Goldsmith v. Georgia R. R. Co., 62 Ga. 485; Wright v. Central of Ga. Rwy. Co., 236 U.S. 674, 35 S.Ct. 471, 59 L.Ed. 781; Wright v. Louisville & N. R. R. Co., 236 U.S. 687, 35 S.Ct. 475, 59 L.Ed. 788; Western & Atlantic R. R. Co. v. State, 54 Ga. 428; Central R. R. & B. Co. v. Georgia, 54 Ga. 401; Central R. R. & B. Co. v. State of Georgia, 92 U.S. 665, 23 L.Ed. 757; Rome R. R. Co. v. Mayor & Council, 14 Ga. 275; City Council of Augusta v. Georgia R. R. & B. Co., 26 Ga. 651; Ordinary of Bibb Co. v. Central R. R. & B. Co., 40 Ga. 646, 647.
We have also considered the remaining objections of the defendant which are contended to nullify the exemption claimed by the plaintiff, but do not find them to have such effect. It is well established that the adoption of the 14th Amendment to the Constitution of the United States did not destroy the validity of the exemption. See cases collected in 173 A.L.R. 15, 25. Neither did the failure of the plaintiff to build branches additionally authorized by its charter, one north of Athens toward the Tennessee line, and the other from Madison to Eatonton, render the exemption unavailable to it as to the other lines actually built.
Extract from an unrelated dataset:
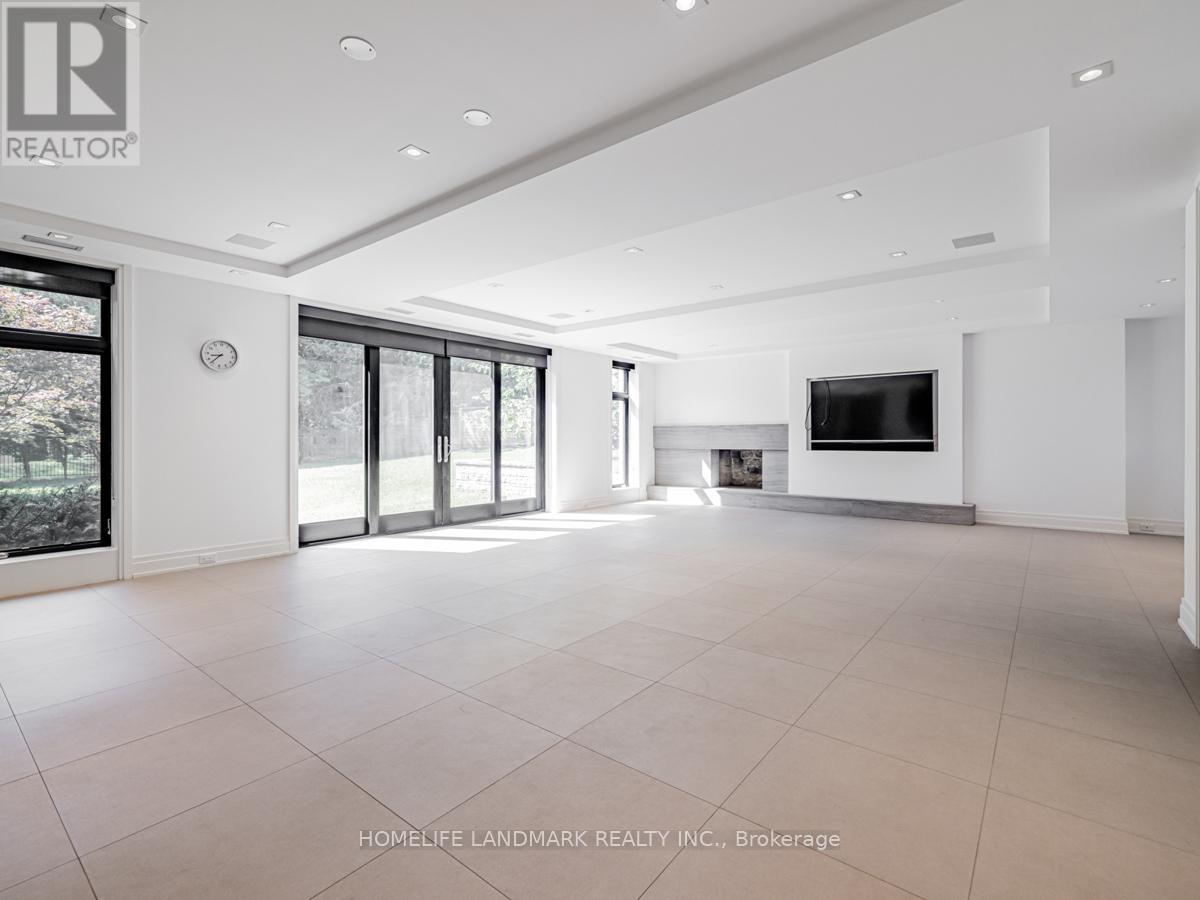 4 Royal Oak Drive, Toronto, Ontario  M3C 2M2 - Photo 15 - C13512062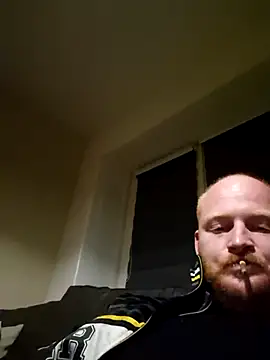 svenni2525 online show from 11/16/25, 04:39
We think the question of whether that portion of the railroad from Madison to Atlanta is covered by the exemption is controlled, adversely to the contentions of the defendant, by the language of the Act authorizing such construction, Georgia Laws of 1837, p. 212, section 1, and the decisions in State of Georgia v. Georgia R. & B. Co., supra; Wright v. Georgia R. & B. Co., supra, and is also indicated by the decision in Wright v. Louisville & N. R. Co., 236 U.S. 687, 35 S.Ct. 475, 59 L.Ed. 788.
While, under the statutory scheme with reference to the assessment and collection of ad valorem taxes upon railroads, an injunction restraining the State Revenue Commissioner from assessing and attempting to collect such taxes will effectively bar the rights of the counties and municipalities involved to receive such taxes, since such an injunction would prevent action at its beginning, we, nevertheless, see no objection to permitting the County of Fulton and the municipalities of Athens and Union Point to intervene and assert their claims in this proceeding. That portion of the intervention of the City of Union Point which seeks affirmative relief presents a matter beyond the scope of this litigation, and is hereby stricken and dismissed, without prejudice. For reasons already indicated, the grounds of attack upon the exemption from taxation asserted are not successfully maintained by these intervenors. However, as we did above in dealing with the defendant's contentions, we may state that even if our conclusion that the counties and municipalities affected are bound by the former adjudications should be erroneous the same result is required by our finding that the grounds of attack urged as new matter, and therefore not concluded by the former litigations, do not authorize a different ruling.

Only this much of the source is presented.